When you drop the CI columns, the default footnote defining “CI” becomes orphaned. Remove it by filtering the internal table_styling$abbreviation tibble directly.
Code
tbl_no_ci <- tbl_regression(
m_B,
exponentiate = TRUE,
conf.int = FALSE
) |>
add_significance_stars(
hide_ci = TRUE,
hide_se = FALSE,
pattern = "{estimate}{stars}"
) |>
remove_row_type(type = "reference") |>
bold_labels() |>
italicize_levels() |>
modify_header(estimate ~ "**OR**", std.error ~ "**SE**")
# Surgically remove the orphaned CI footnote
tbl_no_ci$table_styling$abbreviation <-
tbl_no_ci$table_styling$abbreviation |>
dplyr::filter(column != "conf.low")
tbl_no_ci |>
modify_caption("**Table 2. Model B: Demographic + SES Predictors**") |>
as_gt()| Characteristic | OR1 | SE |
|---|---|---|
| Nativity | ||
| Foreign born | 0.60*** | 0.136 |
| Birth cohort | ||
| Millennial | 0.54*** | 0.096 |
| Sex | ||
| Male | 0.84* | 0.082 |
| Race/ethnicity | ||
| Hispanic | 1.31* | 0.129 |
| Non-Hispanic Black | 1.07 | 0.108 |
| Non-Hispanic ANAI | 1.79 | 0.303 |
| Non-Hispanic Asian | 1.24 | 0.258 |
| Non-Hispanic other | 1.15 | 0.281 |
| Education | ||
| High school | 0.71** | 0.119 |
| Some college | 0.58*** | 0.125 |
| BA or higher | 0.28*** | 0.166 |
| Family income | ||
| $35,000 - $75,000 | 0.43*** | 0.103 |
| $75,000 - $99,999 | 0.44*** | 0.204 |
| $100,000 and over | 0.26*** | 0.235 |
| 1 p<0.05; p<0.01; p<0.001 | ||
| Abbreviations: OR = Odds Ratio, SE = Standard Error | ||
Before customizing column headers with modify_header(), use show_header_names() to print the exact internal column names gtsummary assigns.
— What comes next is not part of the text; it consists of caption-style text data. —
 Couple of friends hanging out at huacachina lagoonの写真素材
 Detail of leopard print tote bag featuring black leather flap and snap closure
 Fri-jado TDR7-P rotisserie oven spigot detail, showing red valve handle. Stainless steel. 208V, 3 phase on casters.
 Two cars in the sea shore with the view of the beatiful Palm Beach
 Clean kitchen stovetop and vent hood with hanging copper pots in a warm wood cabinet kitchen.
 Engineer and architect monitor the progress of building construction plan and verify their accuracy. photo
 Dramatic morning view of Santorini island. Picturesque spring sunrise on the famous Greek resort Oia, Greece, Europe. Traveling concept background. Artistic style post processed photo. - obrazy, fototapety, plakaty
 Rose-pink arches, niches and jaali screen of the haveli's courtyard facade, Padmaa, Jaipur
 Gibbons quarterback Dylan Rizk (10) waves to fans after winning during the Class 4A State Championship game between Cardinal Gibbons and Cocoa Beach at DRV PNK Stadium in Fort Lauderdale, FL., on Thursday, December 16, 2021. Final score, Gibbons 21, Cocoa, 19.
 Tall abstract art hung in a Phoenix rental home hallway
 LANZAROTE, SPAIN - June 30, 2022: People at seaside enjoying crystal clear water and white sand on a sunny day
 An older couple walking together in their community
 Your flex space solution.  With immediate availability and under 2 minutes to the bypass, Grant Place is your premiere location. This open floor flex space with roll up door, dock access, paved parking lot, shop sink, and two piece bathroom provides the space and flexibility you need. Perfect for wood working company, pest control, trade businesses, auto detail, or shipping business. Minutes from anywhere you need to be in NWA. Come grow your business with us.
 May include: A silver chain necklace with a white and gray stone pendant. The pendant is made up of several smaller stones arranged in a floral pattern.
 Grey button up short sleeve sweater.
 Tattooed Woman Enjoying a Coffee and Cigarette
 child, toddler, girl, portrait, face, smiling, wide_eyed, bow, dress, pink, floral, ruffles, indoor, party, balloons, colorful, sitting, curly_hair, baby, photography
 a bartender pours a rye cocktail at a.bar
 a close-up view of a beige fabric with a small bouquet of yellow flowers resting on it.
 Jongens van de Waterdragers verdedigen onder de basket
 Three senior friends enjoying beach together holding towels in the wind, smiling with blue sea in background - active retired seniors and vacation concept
This eliminates guesswork.
Code
tbl_regression(m_A, exponentiate = TRUE) |>
show_header_names()#> Column Name Header N* N_event*
#> label "**Characteristic**" 17,295 <dbl> 1,040 <dbl>
#> estimate "**OR**" 17,295 <dbl> 1,040 <dbl>
#> conf.low "**95% CI**" 17,295 <dbl> 1,040 <dbl>
#> p.value "**p-value**" 17,295 <dbl> 1,040 <dbl>
"estimate" = OR column, "conf.low" / "conf.high" = CI bounds, "std.error" = SE. Pass these strings to modify_header().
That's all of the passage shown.